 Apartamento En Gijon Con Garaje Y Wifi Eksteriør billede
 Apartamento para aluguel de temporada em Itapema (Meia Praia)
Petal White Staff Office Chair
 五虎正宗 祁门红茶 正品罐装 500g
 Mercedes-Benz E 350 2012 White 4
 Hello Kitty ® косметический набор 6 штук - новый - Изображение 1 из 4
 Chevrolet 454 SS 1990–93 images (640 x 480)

==

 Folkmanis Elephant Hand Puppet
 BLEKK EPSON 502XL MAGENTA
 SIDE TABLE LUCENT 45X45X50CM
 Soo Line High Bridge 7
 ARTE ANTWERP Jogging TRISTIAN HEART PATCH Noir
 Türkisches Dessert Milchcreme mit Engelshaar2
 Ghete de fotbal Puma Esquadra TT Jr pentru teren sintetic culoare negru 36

...

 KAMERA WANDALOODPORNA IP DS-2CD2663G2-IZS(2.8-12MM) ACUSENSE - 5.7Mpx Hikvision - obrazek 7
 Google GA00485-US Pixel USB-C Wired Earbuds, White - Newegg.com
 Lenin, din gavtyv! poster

TASK OBJECTIVE =>
Please give back exactly the lines of the listing above that run from the one containing "Google GA00485-US Pixel" through the one containing "Lenin, din gavtyv! poster", and only those.

SOLUTION TO THIS EXERCISE =>
 Google GA00485-US Pixel USB-C Wired Earbuds, White - Newegg.com
 Lenin, din gavtyv! poster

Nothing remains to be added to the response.